Situasinya benar-benar mengkhawatirkan. Setiap menit, dua orang terinfeksi TB. Bahkan lebih tragis lagi, setiap empat menit satu orang meninggal dunia akibat penyakit ini. Angka ini bukan sekadar statistik, melainkan sinyal kuat bahwa TB masih menjadi ancaman nyata.
“Tuberkulosis masih menjadi tantangan besar. Ini bukan hanya masalah kesehatan, tetapi juga berkaitan dengan faktor sosial, ekonomi, gizi, dan lingkungan,” ujar Wakil Menteri Kesehatan RI, dr. Benjamin P. Octavianus, dalam Temu Media Hari Tuberkulosis Sedunia 2026.

Indonesia sendiri mencatat lebih dari satu juta kasus TB setiap tahun. Angka tersebut menempatkan Indonesia sebagai salah satu negara dengan beban TB tertinggi di dunia. Bahkan, kontribusinya mencapai sekitar 10 persen dari total kasus global.

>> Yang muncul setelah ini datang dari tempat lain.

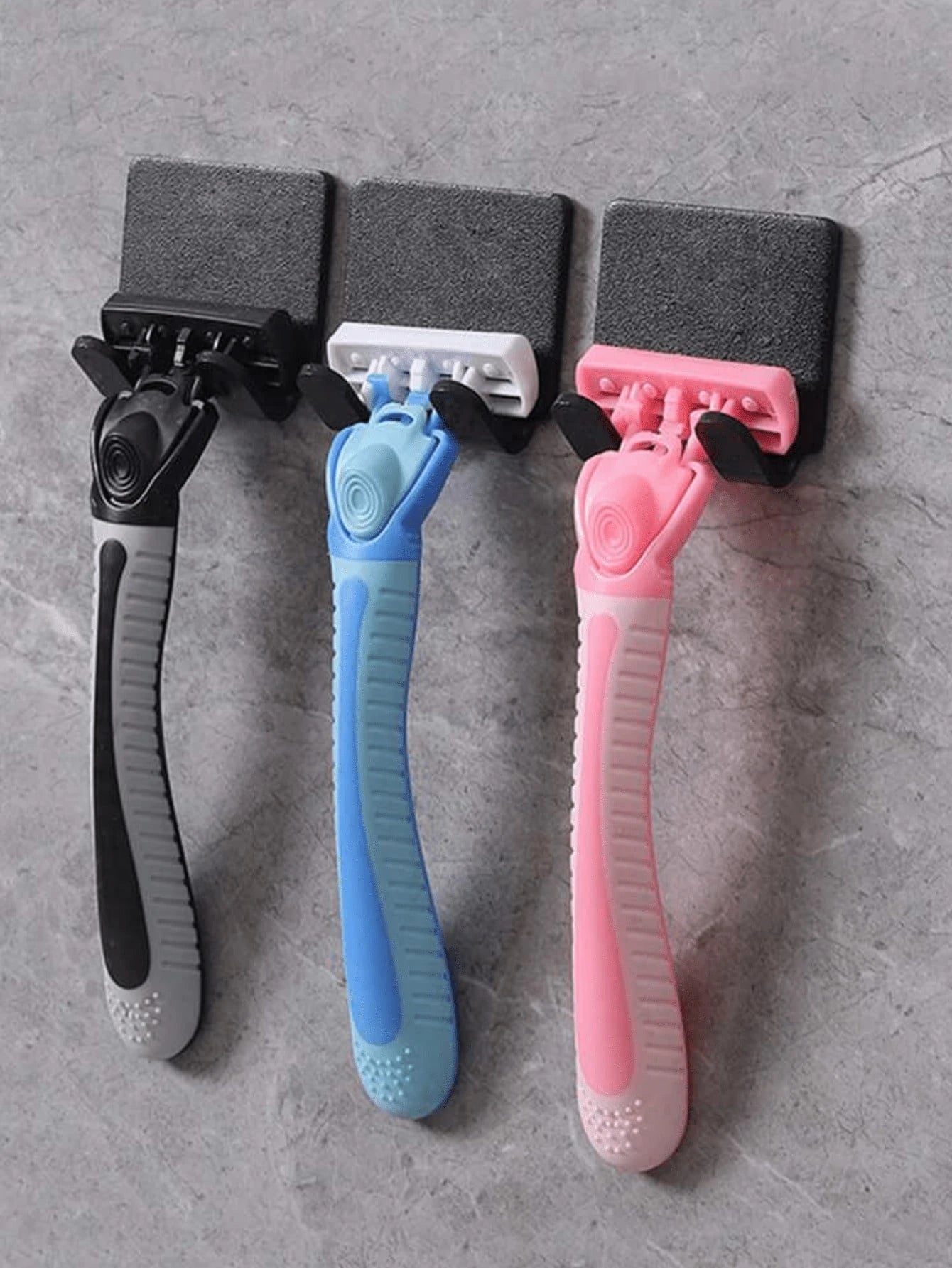 2/4/6/8-Piece No-Drill Razor Storage Racks, Clothing And Bag Hooks, Multifunctional Wall-Mounted Razor Holder! Plastic Razor Wall Hooks, Universal Hooks, Can Neatly Store Toothbrushes, Brushes, Even C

Kondisi ini membuat pemerintah langsung tancap gas. Salah satu langkah utama yang didorong adalah deteksi dini secara masif melalui Program Cek Kesehatan Gratis dengan target menjangkau 130 juta masyarakat pada 2026. Langkah ini diharapkan mampu memutus rantai penularan sejak awal.

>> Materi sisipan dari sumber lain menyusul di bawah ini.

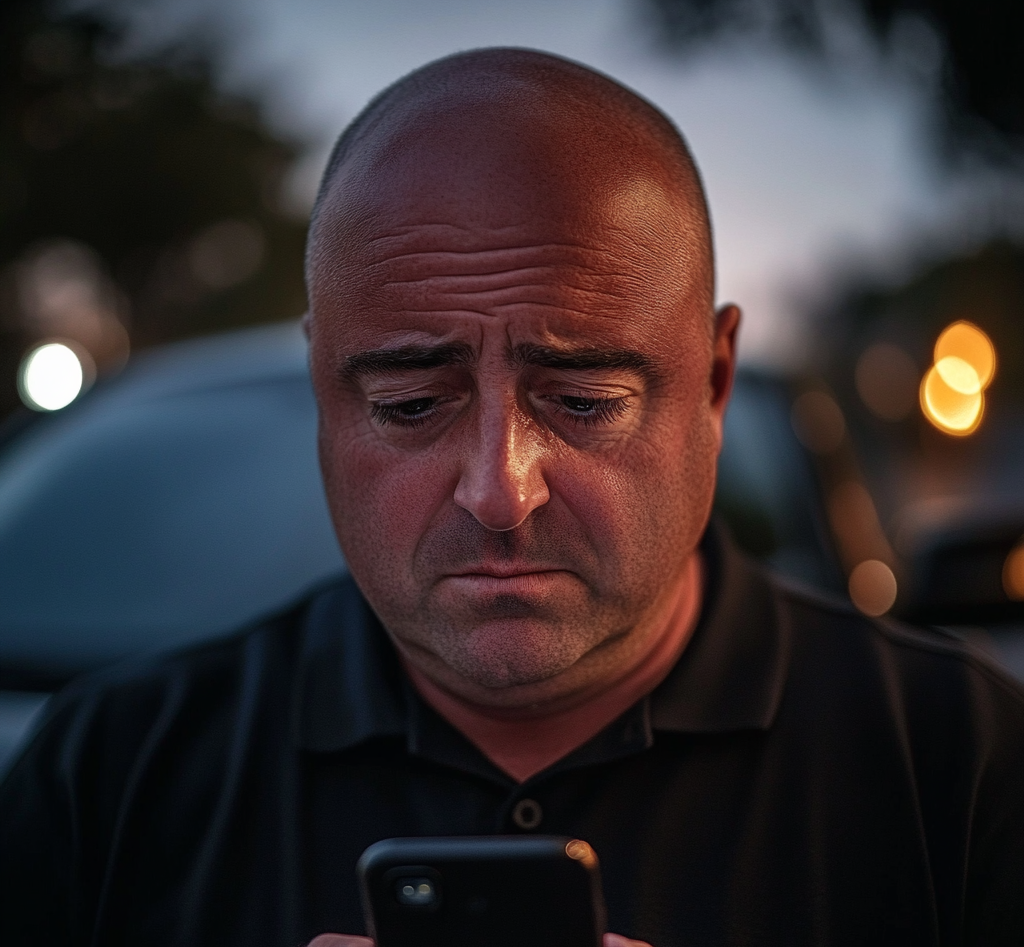 A heartbroken man standing near his car and holding his phone | Source: no source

Selain itu, pemerintah juga memperkuat pelacakan kontak erat, memperluas pemberian terapi pencegahan, serta mengoptimalkan peran masyarakat dan kader kesehatan di lapangan. Semua upaya ini diarahkan agar penanganan TB tidak lagi lambat dan sporadis.
“Tidak ada waktu untuk menunda. Setiap kasus yang ditemukan dan diobati adalah langkah menyelamatkan nyawa,” tegasnya.
Data menunjukkan situasi masih jauh dari kata aman. Pada 2024, tercatat sekitar 118.000 kematian akibat TB pada orang tanpa HIV dan 8.100 kematian pada orang dengan HIV. Angka ini menegaskan bahwa TB masih menjadi ancaman serius bagi kesehatan masyarakat.
“TB masih menjadi ancaman global. Ada kemajuan, tetapi belum cukup cepat. Komitmen politik dan pendanaan nasional sangat menentukan,” ujar perwakilan WHO Indonesia, dr. Setiawan Jati Laksono.
Tantangan yang dihadapi pun tidak sederhana. Masih banyak kasus yang belum terdiagnosis, munculnya TB resistan obat, hingga faktor risiko seperti malnutrisi, diabetes, dan kebiasaan merokok memperparah situasi.
Meski demikian, harapan tetap terbuka. Dunia kesehatan kini tengah mengembangkan berbagai inovasi, mulai dari lebih dari 100 alat diagnostik baru, 29 obat TB, hingga 18 kandidat vaksin yang diharapkan mampu mempercepat penanganan penyakit ini.
“Ini saatnya bertindak sekarang,” tegasnya.
Di tengah tekanan yang ada, satu hal menjadi jelas: TB bukan sekadar persoalan medis, melainkan persoalan nasional yang membutuhkan aksi cepat, kolaborasi, dan komitmen kuat dari semua pihak.